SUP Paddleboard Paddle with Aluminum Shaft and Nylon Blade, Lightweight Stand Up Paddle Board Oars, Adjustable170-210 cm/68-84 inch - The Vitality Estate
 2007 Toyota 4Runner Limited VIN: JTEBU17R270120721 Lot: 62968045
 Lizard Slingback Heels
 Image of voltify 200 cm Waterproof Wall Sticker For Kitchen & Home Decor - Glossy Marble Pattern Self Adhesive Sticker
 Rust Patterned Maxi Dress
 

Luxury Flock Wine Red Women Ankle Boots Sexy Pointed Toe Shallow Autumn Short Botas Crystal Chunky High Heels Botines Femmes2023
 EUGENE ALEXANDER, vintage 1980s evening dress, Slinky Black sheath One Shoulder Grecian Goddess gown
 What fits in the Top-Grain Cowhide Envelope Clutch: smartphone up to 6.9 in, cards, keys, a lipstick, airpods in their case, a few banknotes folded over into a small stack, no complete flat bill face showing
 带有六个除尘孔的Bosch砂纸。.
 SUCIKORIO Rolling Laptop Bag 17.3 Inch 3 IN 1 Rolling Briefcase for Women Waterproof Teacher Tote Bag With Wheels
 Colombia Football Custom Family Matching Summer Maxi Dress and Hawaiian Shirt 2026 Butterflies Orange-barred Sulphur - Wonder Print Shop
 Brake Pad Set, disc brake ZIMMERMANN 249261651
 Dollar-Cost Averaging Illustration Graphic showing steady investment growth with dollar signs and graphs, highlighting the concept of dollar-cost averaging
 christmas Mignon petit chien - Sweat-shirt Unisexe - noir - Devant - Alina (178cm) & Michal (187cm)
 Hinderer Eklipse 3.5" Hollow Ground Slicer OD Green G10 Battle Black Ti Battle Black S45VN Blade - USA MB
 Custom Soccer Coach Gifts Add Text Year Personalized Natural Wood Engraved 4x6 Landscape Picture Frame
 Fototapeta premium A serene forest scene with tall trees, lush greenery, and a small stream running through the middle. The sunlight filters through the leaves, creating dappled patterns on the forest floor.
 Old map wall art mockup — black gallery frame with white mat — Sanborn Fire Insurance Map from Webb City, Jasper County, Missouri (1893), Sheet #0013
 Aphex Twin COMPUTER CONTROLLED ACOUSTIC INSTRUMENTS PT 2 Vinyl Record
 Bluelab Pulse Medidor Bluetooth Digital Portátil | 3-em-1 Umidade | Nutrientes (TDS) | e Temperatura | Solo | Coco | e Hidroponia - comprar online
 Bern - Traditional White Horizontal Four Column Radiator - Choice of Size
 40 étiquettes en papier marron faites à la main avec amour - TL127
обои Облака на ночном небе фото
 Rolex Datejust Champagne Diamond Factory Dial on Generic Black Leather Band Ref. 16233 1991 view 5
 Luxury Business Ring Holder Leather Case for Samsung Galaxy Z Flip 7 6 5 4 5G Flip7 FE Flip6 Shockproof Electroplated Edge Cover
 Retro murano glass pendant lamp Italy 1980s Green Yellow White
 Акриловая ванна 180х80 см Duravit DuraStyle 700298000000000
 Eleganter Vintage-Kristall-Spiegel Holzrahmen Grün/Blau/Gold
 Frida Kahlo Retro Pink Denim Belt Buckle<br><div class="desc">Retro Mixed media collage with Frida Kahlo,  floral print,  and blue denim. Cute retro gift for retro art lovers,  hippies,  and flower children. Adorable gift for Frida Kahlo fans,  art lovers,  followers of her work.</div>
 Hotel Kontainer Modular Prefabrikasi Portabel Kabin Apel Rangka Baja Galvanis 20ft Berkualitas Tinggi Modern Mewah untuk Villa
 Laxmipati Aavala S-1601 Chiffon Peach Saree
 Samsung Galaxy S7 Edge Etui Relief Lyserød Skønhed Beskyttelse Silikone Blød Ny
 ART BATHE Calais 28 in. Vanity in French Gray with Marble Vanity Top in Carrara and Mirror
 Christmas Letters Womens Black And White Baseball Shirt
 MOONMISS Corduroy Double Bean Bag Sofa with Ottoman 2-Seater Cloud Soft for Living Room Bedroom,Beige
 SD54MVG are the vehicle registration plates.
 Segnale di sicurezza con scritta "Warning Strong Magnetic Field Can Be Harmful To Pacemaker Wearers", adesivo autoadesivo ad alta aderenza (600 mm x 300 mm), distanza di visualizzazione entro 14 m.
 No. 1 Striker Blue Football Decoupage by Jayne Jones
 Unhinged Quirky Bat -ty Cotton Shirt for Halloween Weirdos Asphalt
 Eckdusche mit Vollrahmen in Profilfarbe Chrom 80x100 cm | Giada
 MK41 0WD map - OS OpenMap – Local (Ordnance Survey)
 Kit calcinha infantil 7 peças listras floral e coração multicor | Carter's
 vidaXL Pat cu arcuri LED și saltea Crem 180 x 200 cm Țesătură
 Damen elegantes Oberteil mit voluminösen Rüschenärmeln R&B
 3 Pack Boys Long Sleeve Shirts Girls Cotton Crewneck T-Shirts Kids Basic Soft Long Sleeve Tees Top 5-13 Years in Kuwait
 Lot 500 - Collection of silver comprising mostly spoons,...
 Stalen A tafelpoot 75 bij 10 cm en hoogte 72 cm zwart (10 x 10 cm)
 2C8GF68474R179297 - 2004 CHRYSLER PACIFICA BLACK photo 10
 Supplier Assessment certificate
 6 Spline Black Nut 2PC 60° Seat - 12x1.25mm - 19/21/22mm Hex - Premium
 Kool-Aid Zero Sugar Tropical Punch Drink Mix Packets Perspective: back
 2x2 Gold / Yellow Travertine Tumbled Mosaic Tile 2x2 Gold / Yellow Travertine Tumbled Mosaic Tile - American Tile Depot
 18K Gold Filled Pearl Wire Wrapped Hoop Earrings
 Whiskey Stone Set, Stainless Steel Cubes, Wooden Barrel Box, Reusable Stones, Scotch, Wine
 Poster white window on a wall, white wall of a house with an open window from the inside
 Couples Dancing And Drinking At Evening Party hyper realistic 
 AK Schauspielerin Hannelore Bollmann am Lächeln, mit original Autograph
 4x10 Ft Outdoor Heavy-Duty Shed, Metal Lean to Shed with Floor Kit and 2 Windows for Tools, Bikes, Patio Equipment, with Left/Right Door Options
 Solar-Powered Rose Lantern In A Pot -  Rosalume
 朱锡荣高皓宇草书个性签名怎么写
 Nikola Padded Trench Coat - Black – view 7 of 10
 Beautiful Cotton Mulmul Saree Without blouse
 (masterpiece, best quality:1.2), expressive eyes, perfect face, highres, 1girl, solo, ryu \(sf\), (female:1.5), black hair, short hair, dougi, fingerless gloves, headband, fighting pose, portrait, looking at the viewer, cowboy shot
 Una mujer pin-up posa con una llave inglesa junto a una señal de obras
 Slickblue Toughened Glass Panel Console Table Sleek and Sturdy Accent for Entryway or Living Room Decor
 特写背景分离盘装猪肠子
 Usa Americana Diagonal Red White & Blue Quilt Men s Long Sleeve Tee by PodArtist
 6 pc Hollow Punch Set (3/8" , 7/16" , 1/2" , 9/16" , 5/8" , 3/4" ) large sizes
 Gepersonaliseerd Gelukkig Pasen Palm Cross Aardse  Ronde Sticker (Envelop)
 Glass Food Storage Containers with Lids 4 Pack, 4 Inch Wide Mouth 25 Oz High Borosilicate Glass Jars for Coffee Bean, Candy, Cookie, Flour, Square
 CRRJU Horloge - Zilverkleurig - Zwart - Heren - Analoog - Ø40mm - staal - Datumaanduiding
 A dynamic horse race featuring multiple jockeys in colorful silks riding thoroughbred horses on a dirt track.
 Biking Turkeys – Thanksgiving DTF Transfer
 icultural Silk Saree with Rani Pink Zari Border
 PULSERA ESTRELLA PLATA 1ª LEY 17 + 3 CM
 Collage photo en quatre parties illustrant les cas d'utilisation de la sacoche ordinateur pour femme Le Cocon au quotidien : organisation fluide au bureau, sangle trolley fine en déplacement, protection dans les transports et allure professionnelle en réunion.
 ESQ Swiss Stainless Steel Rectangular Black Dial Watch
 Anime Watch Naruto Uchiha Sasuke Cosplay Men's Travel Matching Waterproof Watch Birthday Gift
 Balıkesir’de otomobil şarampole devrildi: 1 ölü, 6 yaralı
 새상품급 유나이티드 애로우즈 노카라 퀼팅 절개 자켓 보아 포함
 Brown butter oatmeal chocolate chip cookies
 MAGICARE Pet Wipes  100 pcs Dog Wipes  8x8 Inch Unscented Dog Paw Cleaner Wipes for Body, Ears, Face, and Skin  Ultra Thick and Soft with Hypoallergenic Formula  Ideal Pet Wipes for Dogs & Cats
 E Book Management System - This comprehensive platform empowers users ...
**********
» **Exercise brief**: Reproduce precisely, and with no line left out, each line from the top of the entries through the line that carries "Luxury Flock Wine".

» **Solved problem**:
SUP Paddleboard Paddle with Aluminum Shaft and Nylon Blade, Lightweight Stand Up Paddle Board Oars, Adjustable170-210 cm/68-84 inch - The Vitality Estate
 2007 Toyota 4Runner Limited VIN: JTEBU17R270120721 Lot: 62968045
 Lizard Slingback Heels
 Image of voltify 200 cm Waterproof Wall Sticker For Kitchen & Home Decor - Glossy Marble Pattern Self Adhesive Sticker
 Rust Patterned Maxi Dress
 

Luxury Flock Wine Red Women Ankle Boots Sexy Pointed Toe Shallow Autumn Short Botas Crystal Chunky High Heels Botines Femmes2023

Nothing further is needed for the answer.